**WORK ORDER**
Repeat the records word for word, excluding any picture.

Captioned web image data
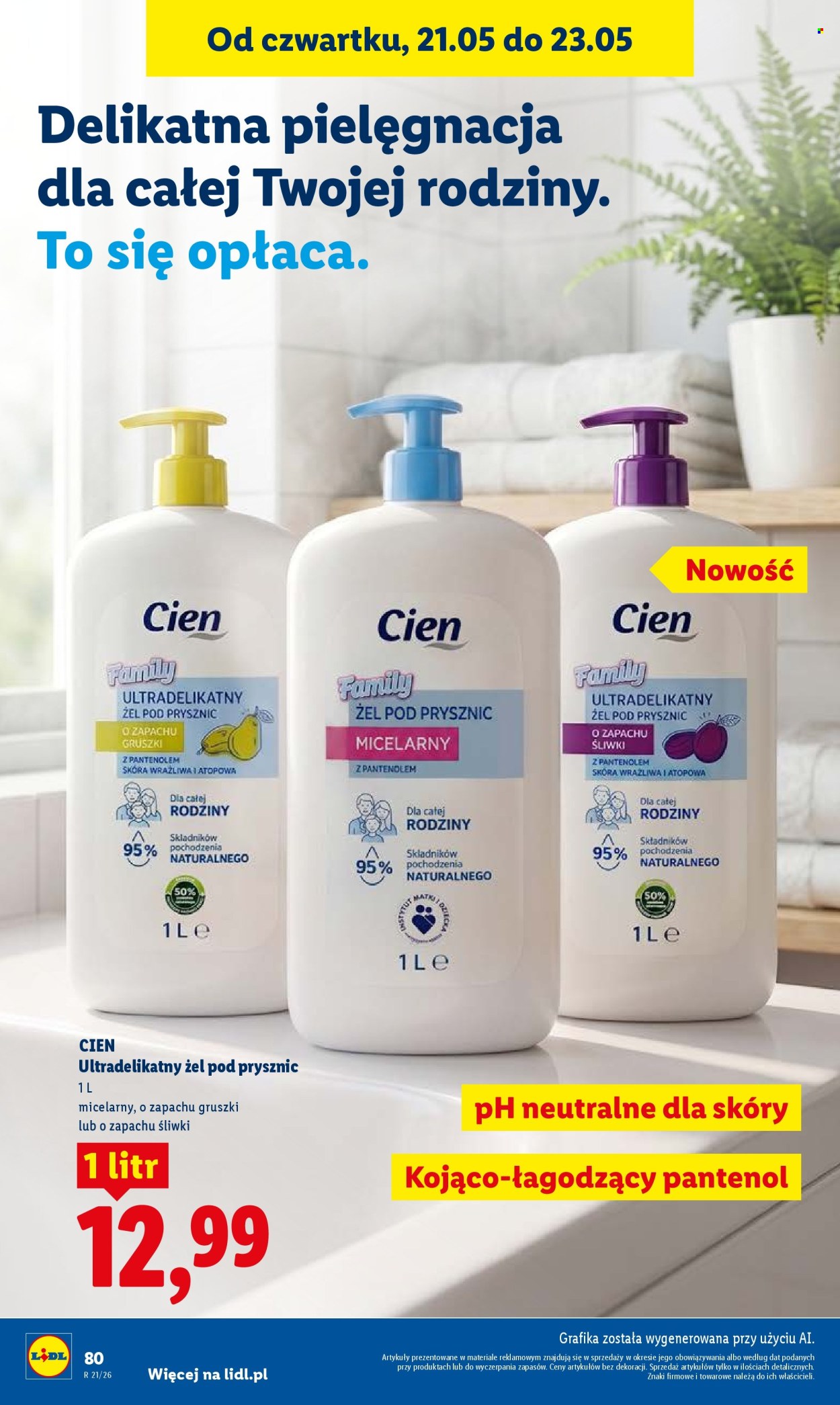 Gazetka Lidl - 21.05.2026 - 23.05.2026. Strona 88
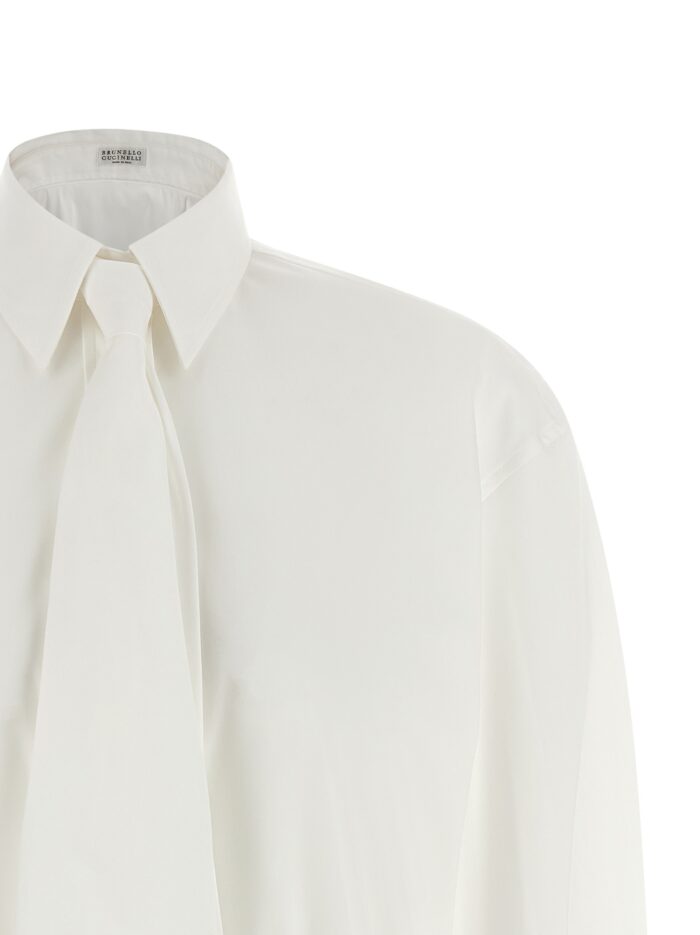 Brunello Cucinelli Shirt With Tie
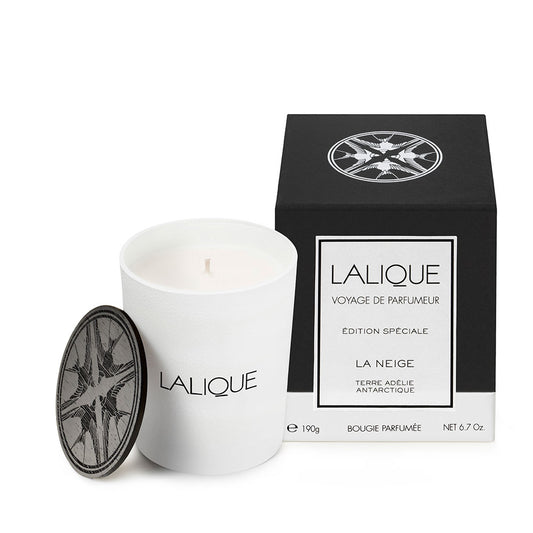 The Snow, Adélie Land - Antarctica, Scented Candle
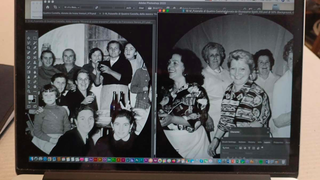 Nuêter – Costellazioni nelle Terre Matildiche, Preparazione delle immagini selezionate.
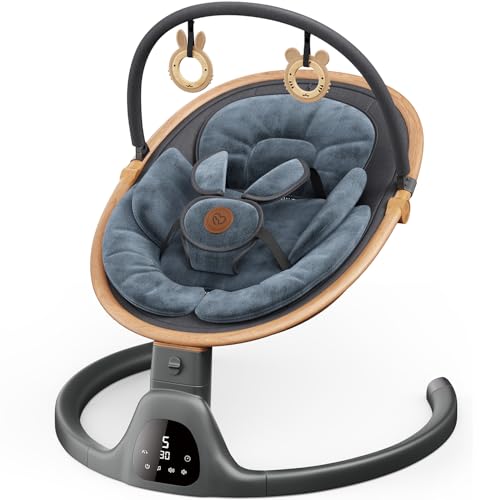 Baby Swing for Infants with Music, Remote Control, 3 Seat Positions G691671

**WRITTEN SOLUTION**
 Gazetka Lidl - 21.05.2026 - 23.05.2026. Strona 88
 Brunello Cucinelli Shirt With Tie
 The Snow, Adélie Land - Antarctica, Scented Candle
 Nuêter – Costellazioni nelle Terre Matildiche, Preparazione delle immagini selezionate.
 Baby Swing for Infants with Music, Remote Control, 3 Seat Positions G691671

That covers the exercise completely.